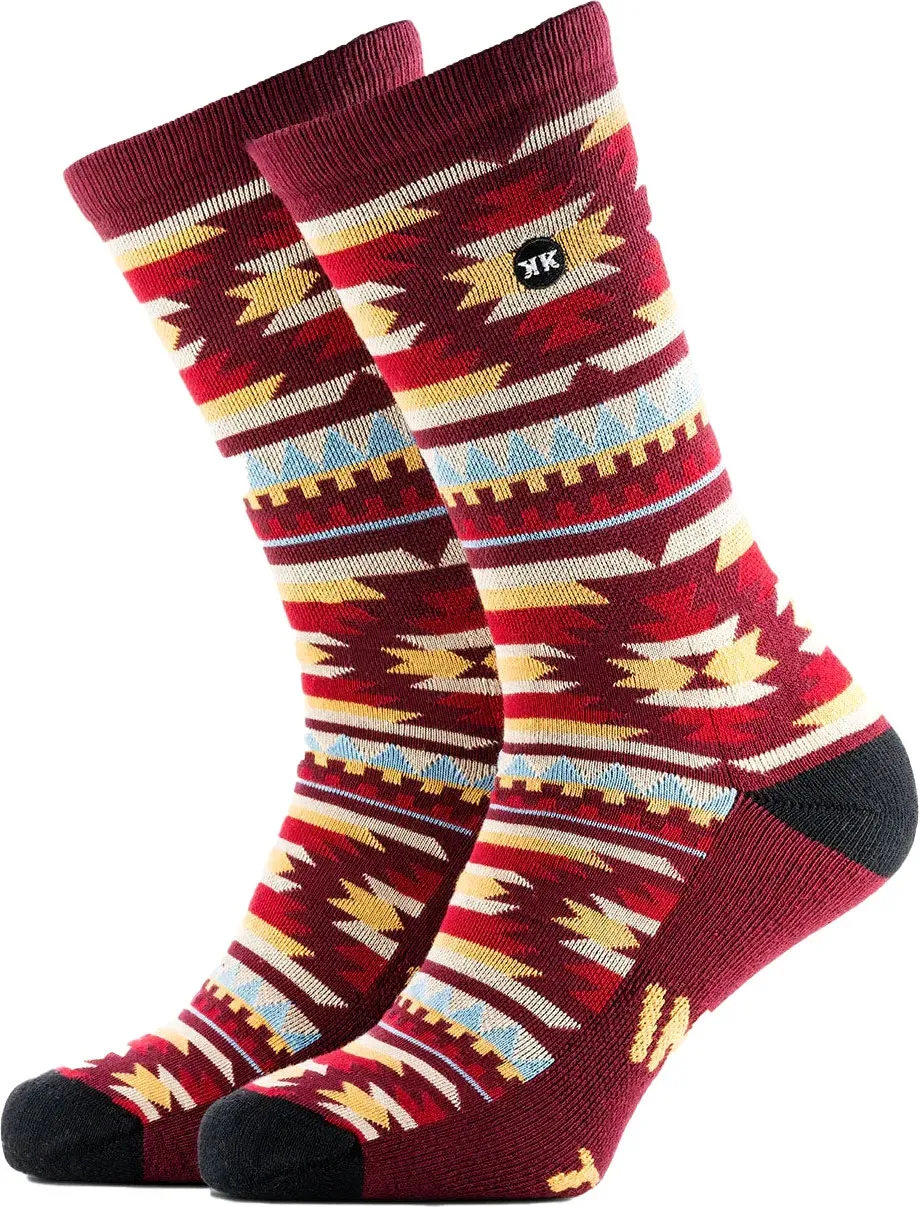 Rokker Native, chaussettes unisexes - Rouge/Blanc/Jaune - 44-47 EU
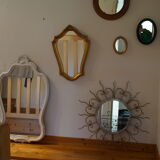 Round mirror wood 30cm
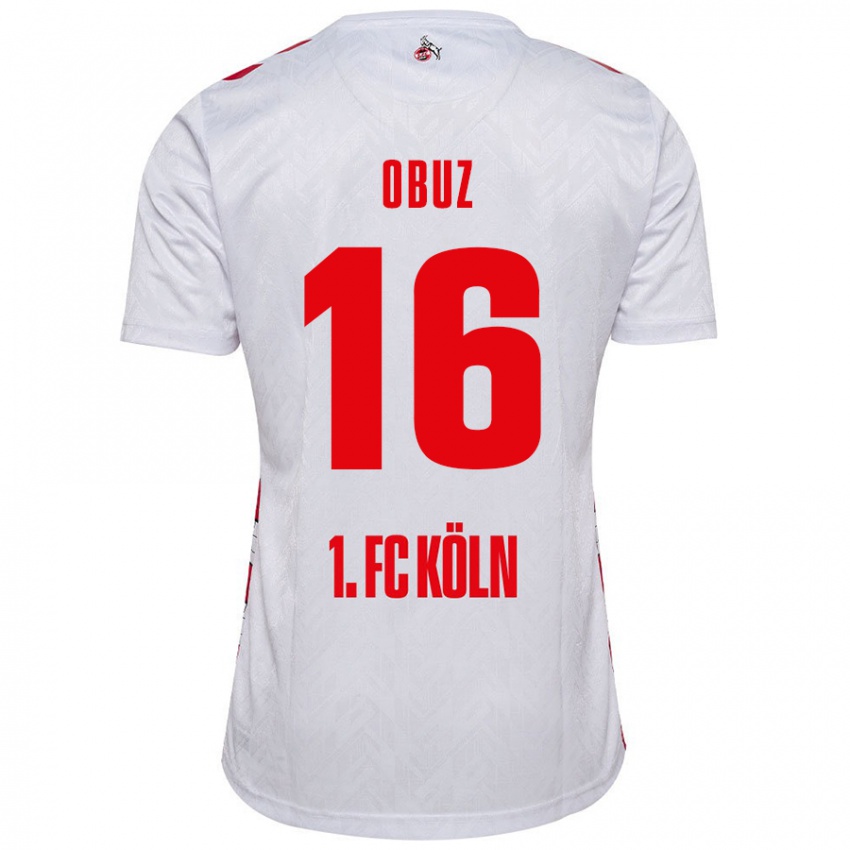 Kinder Marvin Obuz #16 Weiß Rot Heimtrikot Trikot 2024/25 T-Shirt Schweiz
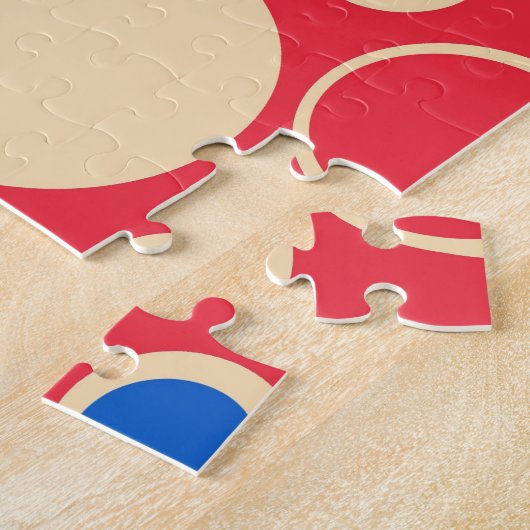 Puzzle Points Rouge Et Bleu Sur Rouge (Côté)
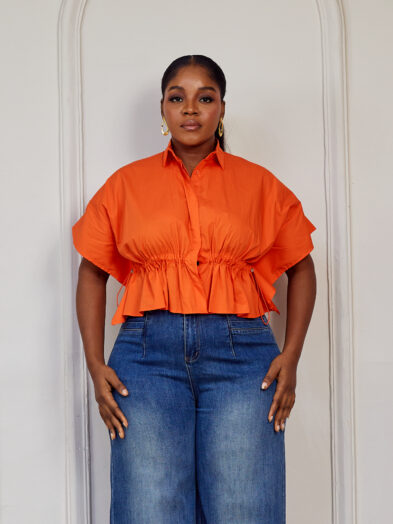(2FOR40K)MOMENTS ORANGE DRAWSTRING BATWING TOP
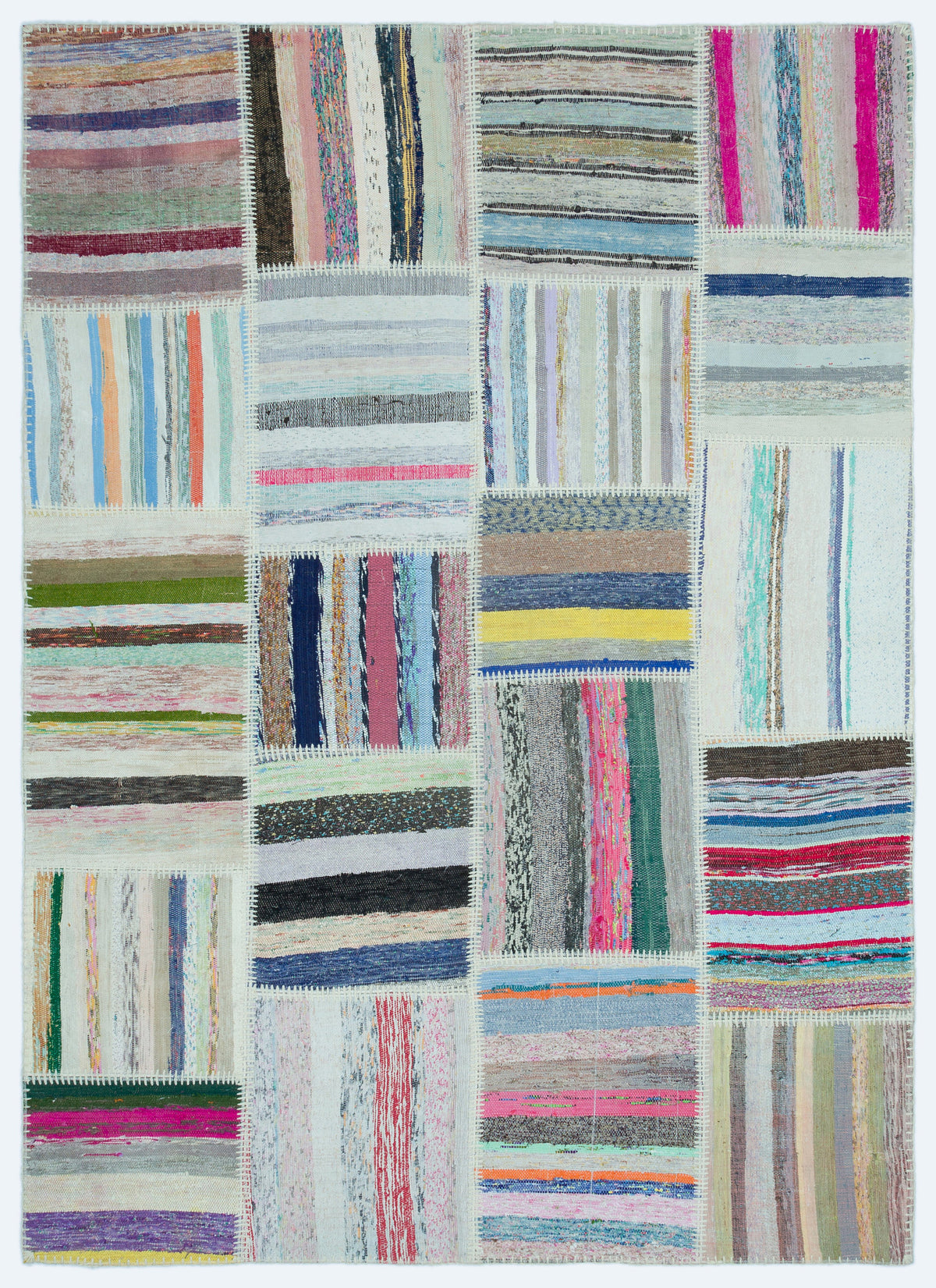Striped Over Dyed Kilim Patchwork Unique Rug 5&#39;3&#39;&#39; x 7&#39;3&#39;&#39; ft 160 x 222 cm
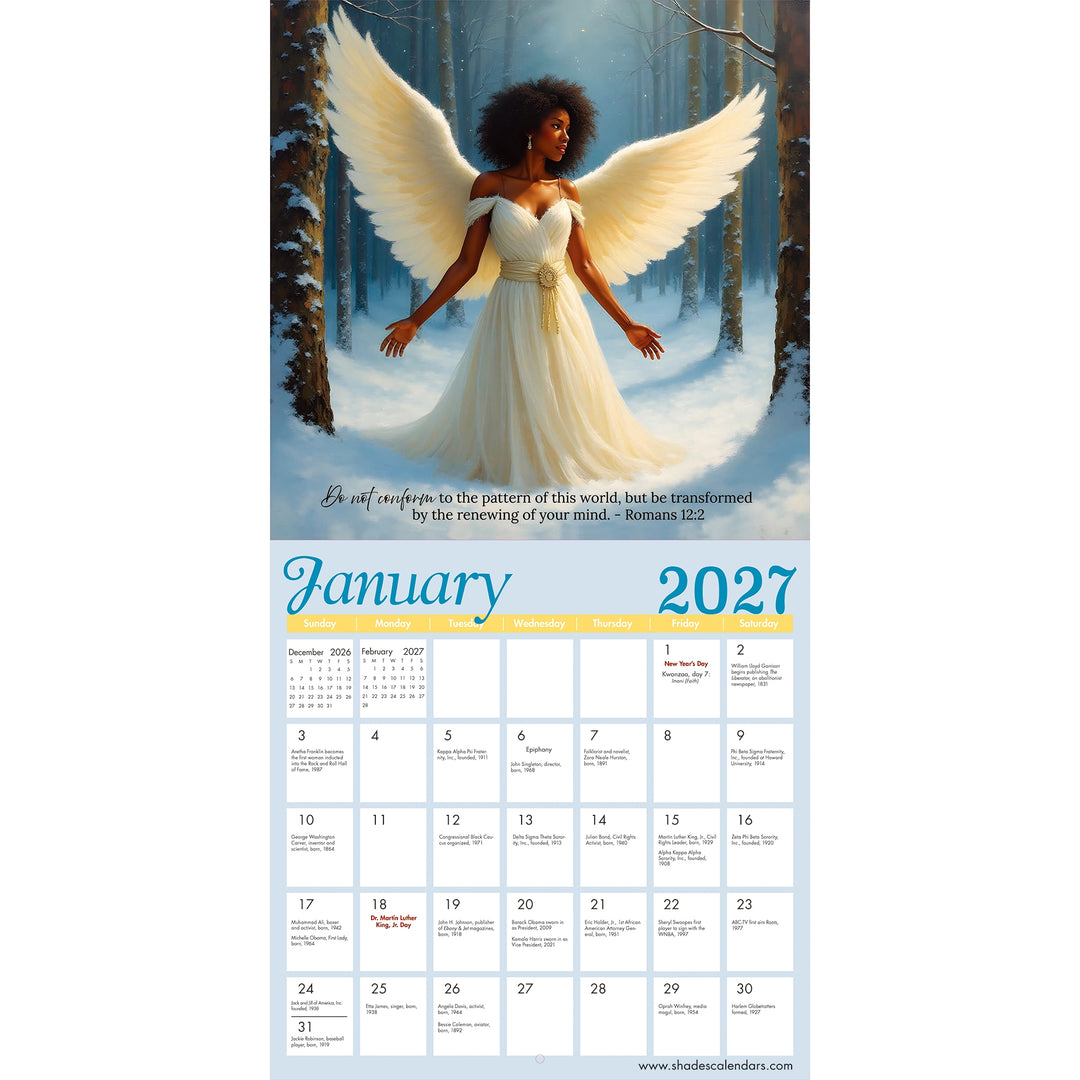 Angelic Light: Guided by Faith and Scripture 2027 Wall Calendar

- - - -

Looking at the records above, extract only the lines from the one with "Striped Over Dyed" through the last line, exactly, with the pictures left out.

Striped Over Dyed Kilim Patchwork Unique Rug 5&#39;3&#39;&#39; x 7&#39;3&#39;&#39; ft 160 x 222 cm
 Angelic Light: Guided by Faith and Scripture 2027 Wall Calendar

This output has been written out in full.